## Material provided

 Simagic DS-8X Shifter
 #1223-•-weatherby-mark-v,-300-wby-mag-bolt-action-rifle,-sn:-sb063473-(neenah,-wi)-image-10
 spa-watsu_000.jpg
--
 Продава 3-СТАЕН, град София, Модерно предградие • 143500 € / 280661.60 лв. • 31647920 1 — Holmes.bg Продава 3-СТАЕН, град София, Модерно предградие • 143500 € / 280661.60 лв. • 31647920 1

## Action item
The lines above from the one with "Simagic DS-8X Shifter" through the one with "spa-watsu_000.jpg" are to be duplicated exactly, ends included, with nothing added.

## Task output
 Simagic DS-8X Shifter
 #1223-•-weatherby-mark-v,-300-wby-mag-bolt-action-rifle,-sn:-sb063473-(neenah,-wi)-image-10
 spa-watsu_000.jpg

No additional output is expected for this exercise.